ルイスの転換点(農村から都市への労働者の供給が滞りがちになり、労働者の賃金が上昇するタイミング)が過ぎ、人口ボーナス(子供と老人が少なく、生産年齢人口が多い状態)が終われば、中国経済は生産要素主導型から生産力主導型への転換が必要となる。生産要素主導型から生産力主導型への転換期は国にとって非常に重要である。多くの中等収入国家はうまく転換を果たせず、「中所得国の落とし穴」から抜け出せなくなった。現在までに「中所得国の落とし穴」から脱し、高収入国家となったのは、日本とアジアNIEs(韓国、台湾、香港、シンガポール)だけである。
2つのターニングポイントを迎えたことにより、次のような結果が予想される。1)労働者の賃金上昇が物価の上昇を招き、労働力の供給が十分にあった時期の低インフレ状態は続かなくなる。2)経済成長が鈍化する。3)労働力供給の停滞が国民の所得配分を改善し、賃金水準が向上、消費が活発となる。4)消費の増大が貯蓄率の低下を招き、投資も減速する。経済成長の動力は投資から消費に変わる。5)所得配分が合理的になり、クズネッツの波(建築需要に起因するおよそ20年周期の景気循環)がスムーズに切り抜けられるようになる。

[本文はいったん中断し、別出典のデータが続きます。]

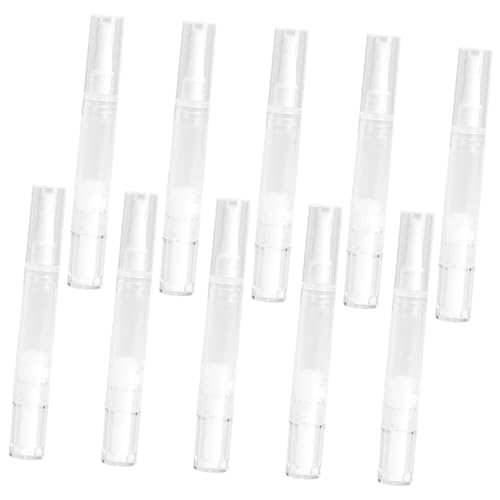 OSOLADY bvOX`[uƃlCICy10Zbg 5ml ϕilߑւe uV[t spLbht@f[V L[eBNIC[UΉ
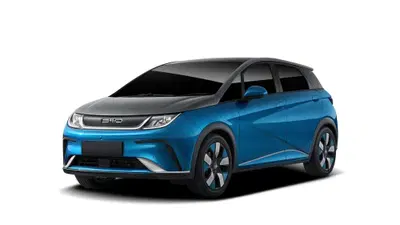 Byd Dolphin 60,4 kWh Comfort nuova a Grosseto
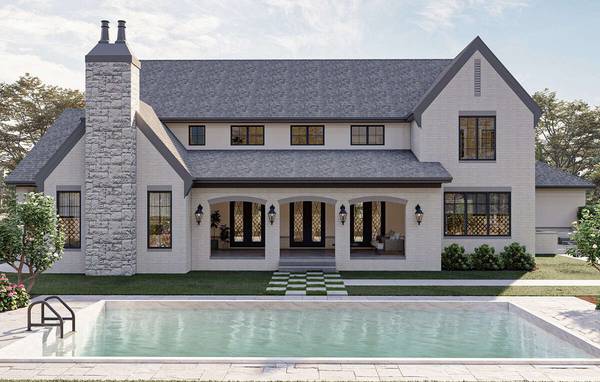 1010 Enchanted Pine Ln, Raleigh, NC 27614-9705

中国経済が今後も持続的に成長できるか否かは、クズネッツの波が周期通りにやってくるか否かにかかっていると言える。2つのターニングポイントが過ぎ、所得配分の不平等が改善され、所得格差の臨界点の到来が早まった場合、臨界点到達後、順調に経済成長を果たせるかどうかは、市場の力、そして政府の政策にかかっている。